1. The second decade of the new SA will be more challenging than the first because it will deal with economic and social transformation.


  1. The ANC foresees that this will not be an easy process:
    1. According to the  ANC Today of 21 January the ANC sees a looming ‘struggle’ that will be ‘as demanding and bruising’ as the struggle for a democratic and non-racial South Africa – although ‘it will not be fought with guns, bans, harassment by state organs’ as had happened during the apartheid years.   It believes that this “historic political and ideological confrontation”  will determine “what our country will look like at the end of its Second Decade of Liberation.”
    2. According to the ANC’s 2002 Strategy and Tactics document ‘this is a continuing struggle which, as a matter of historical necessity, will loom ever larger as we proceed along the path of fundamental change. Because property relations are at the core of all social systems, the tensions that decisive application to this objective will generate, will require dexterity in tact and firmness to principle’.
  1. When he addressed the Sudanese National Assembly at the beginning of January 2005, President Mbeki observed that while South Africa had not experienced violent social conflict since 1994, there was “perhaps what we might describe as a cold rather than a hot war, conducted by those who are unwilling to accept the end of white minority rule”
    1. In a speech in September 2004, Premier Rasool appeared to predict that South Africa would soon be entering a phase of increasing black/white confrontation as the ANC pursued its ideal of social justice.


  1. The great majority of white South Africans have shown that they are prepared to accept change.
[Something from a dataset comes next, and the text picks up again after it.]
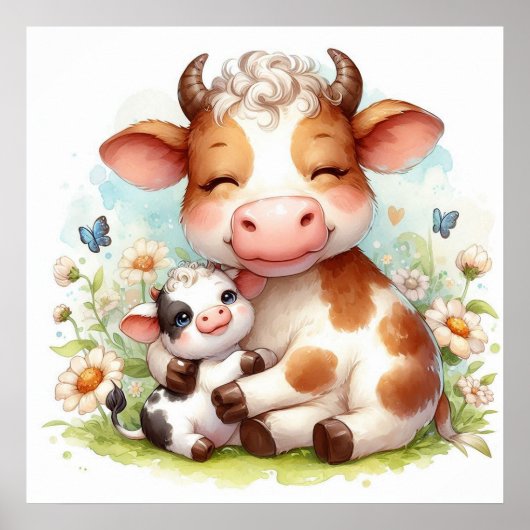 Mutter und Babykuh Poster (Vorne)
Most also accept the need for a balanced process of BEE and affirmative action.  However,  unlike the situation with SA’s constitutional transformation, whites have not been consulted with regard to the principles and approaches underlying social and economic transformation.


  1. As a result, there is confusion, deep concern and a growing gap between the politically correct sentiments they express and their private perceptions and actions. Among other negative consequences that we can anticipate are
    1. An outflow of expertise and experience from the private and public sectors – (which has already had a  visibly detrimental affect on public service delivery – particularly at municipal level);
    2. Reticence to start new ventures (who would want to take the risk of starting a new company if there is a likelihood that part of it will have to be surrendered to artificial BEE partners?);
    3. A reluctance to invest;
    4. Increasing pressure on minority family businesses as they are cut out of government and private sector procurement.
    5. Many whites feel alienated and are withdrawing from public involvement.


  1. There is an urgent need for communication between government and representatives of minority communities to try to reach consensus on transformation issues.


  1. Minorities will also need support and encouragement during the decade that lies ahead. There is a perception that foreign governments have adopted an almost ‘arms-length’ approach to minorities because of
    1. their wish to concentrate on relations with the government and with the majority;
    2. the relative affluence of most minorities; and
    3. associations with the past
  1. However, the second decade will not be a success if minorities are not part of the process.
  2. We need a transformation process that conforms with the constitution and that will comply with the following imperatives:
    1. It must urgently and effectively address the needs of the 50% of South Africans who have not benefited from the new SA – and it must lead to more representative public institutions.
    2. It must not breach the global economic and political consensus.
    3. It must not undermine healthy intercommunity relations.